Key Pen and Ink

Posted

Cathy Warner

Misdirection

“Directions to 12345 345th Avenue Court NW, KPN.”

Try asking Siri to help you navigate the Key by giving her a five-digit house number, followed by a three-digit street number, followed by street or avenue coupled with a court, insert a compass point, then tack on KPN or KPS, and she is so flabbergasted she can’t even apologize.

She just freezes—discombobulated. And in that I am no different from her.

I’m the first to admit I’m directionally challenged. I grew up in a neat post-World War II suburban grid in Southern California. The numbered streets—1st through 17th—ran in straight lines, bisected by named streets—Central, Electric, Landing—bordered by the beach to the west and Pacific Coast Highway to the east. I was never lost, not even walking the newer subdivisions with curving streets and cul-de-sacs.

The thing about the streets in all the towns I’ve called home is that the numbers never repeated and the vast majority of the streets had names that didn’t change as the road meandered. In college, I spent a summer in Washington D.C., studying its architecture. I learned about Pierre L’Enfant designing the city’s grid with its alphabetic streets (A, B, C) running one direction, numbers the other, diagonals named after states, and quadrants designating their location (NW, SE, etc.). It’s an idea planners have adopted throughout the country.

While the grid system might work well in D.C., with just the Potomac running through it, plunk that urban design onto peninsulas with coves, bays, fingers, spits, harbors and lakes, and you end up with the same street number making appearances miles apart as if the road ran underwater and we simply pop up in our submersibles, trundling down the same avenue.

And why would anyone think it a good idea for a street to change numbers every time the terrain curves? Once I type in my desired address, Siri often tells me that 322nd street makes a slight right and becomes 425th Avenue, only to revert back at the next curve. Why not give the long and winding road a name?

And compass points mean nothing to us directionally challenged. When I began driving years ago and visited my grandparents on my own, my grandfather would say, “Turn south on Nordoff, then east on Dearborn.”

“Grandpa,” I’d reply, “I need left or right.”

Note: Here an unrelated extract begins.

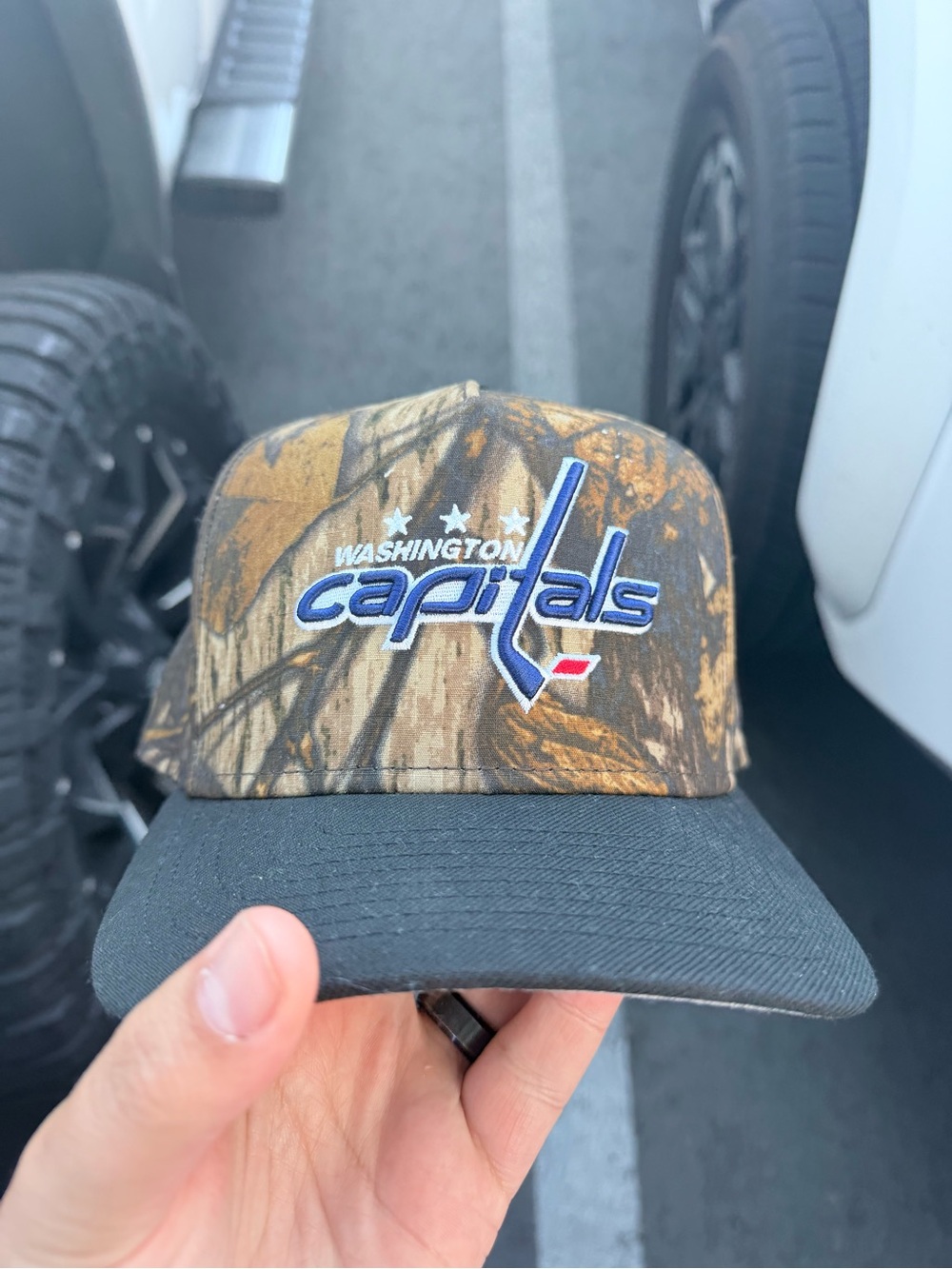 Washington Capitals Camo Baseball Hat with Black Brim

“Is that the corner with the old boat?” a longtime KP resident asked when I gave him directions to my house recently. I’m told that’s the way most folks who’ve been here a while navigate: by landmark. And why not? The red barn, the split-rail fence, the church on the corner—we can see them, store them in memory, find our way back a second time. But the grid numbers and compass points—there’s no image to latch onto.

Last month’s Key Peninsula News reported that Pierce County planners will be changing up to 10,000 addresses on the Key and nearby islands to aid in 911 response in our cellphone age. I’m all in favor of helping first responders find me. Is it too much to hope that the new system will help Siri and me understand the lay of the land?

Cathy Warner lives in Wauna.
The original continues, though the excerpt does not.